When loaded, steel wire ropes will generate ‘torque’ – if both ends of a rope are fixed – or ‘turn’ – if one end is unrestrained. The torque or turn generated will increase as the load applied increases, and the degree to which this happens will be influenced by the construction of the rope. It should be noted, however, that all ropes will rotate to some degree when loaded. For the best ropes, however, this rotation will be minimal.

The tendency for any rope to turn will be greater as the height of lift increases. In a multi-part reeving system, the tendency for the rope to cable will increase as the spacing between the parts of the rope decreases. Selection of the correct rope will help to prevent ‘cabling’ and rotation of the load. ‘Endurance®’ low rotation ropes such as the Endurance® 50 DB and Dyform® 34LR ensure that problems associated with cabling and load rotation are minimised.

As a general rule, however, if you don’t need a rotation resistant rope then don’t use one. A six or eight strand rope will always be more robust and better able to withstand excessive fleet angle and abuse than their more complex counterparts.

Fatigue resistance

The rope’s fatigue resistance is also an important factor. Steel wire ropes will fatigue when working around a sheave or drum. The rate of deterioration is influenced by the number of sheaves in the system, the diameter of the sheaves and drum, and the loading conditions. If fatigue resistance is an issue, then it is wise to select a rope containing small wires, e.g. 6X36 WS (14/7 & 7/7/1), as opposed to a rope containing larger wires such as a 6X19 S (9/9/1), which is more resistant to wear.

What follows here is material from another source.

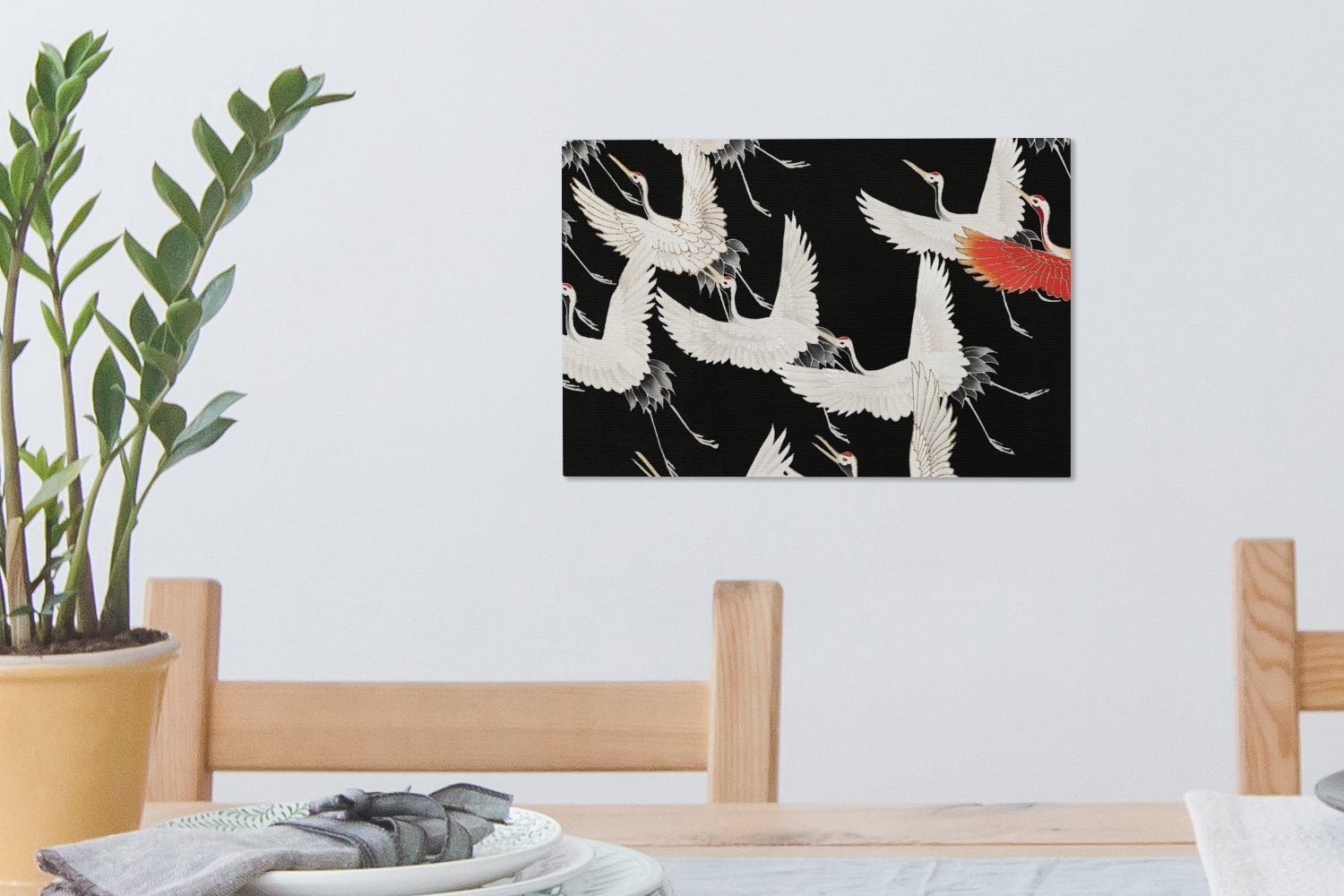OneMillionCanvasses® Japandi, - Rot Leinwandbild Weiß Leinwandbilder, St), (1 cm Wandbild - - 30x20 Wanddeko, Aufhängefertig, Kranich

Additional resistance to fatigue can be achieved by selecting a ‘Dyform®’ wire rope. These have a much smoother surface than standard rope, which improves rope to sheave contact leading to reduced wear on both rope and sheave.

An increased cross-sectional steel area and improved inter-wire contact also ensures that the rope will operate with lower internal stress levels. This ultimately results in greater bending fatigue life and long-term lower operating costs. Compacted ropes such as the Endurance Dyform® 6 will have a significantly longer life than conventional ropes where fatigue and wear are the prime factors.

Resistance to abrasive wear

Abrasive wear can take place between wire rope and sheave and between wire rope and drum but the greatest cause of abrasion is often through ‘interference’ at the drum. If abrasion is determined to be a major factor in rope deterioration then a wire rope with relatively large outer wires should be selected and, again, a Dyform® product is recommended. This is because non-Dyform® rope on adjacent drum laps can cause point contact and accelerated wear and the smoother surface of Dyform® rope creates better contact.

A Langs Lay structure, which is when the direction of lay of the wires in the outer strands is the same as that of the outer strands in the rope, also has better wear characteristics than an Ordinary (or regular) Lay rope – when the direction of lay of the wires in the outer strands is in the opposite direction to the lay of the outer strands in the rope.

Swaged ropes such as Constructex® are particularly crush resistant and will withstand abuse even when a rope is poorly installed.

non dyform

Wire rope on adjacent drum laps can cause point contact and accelerated wear.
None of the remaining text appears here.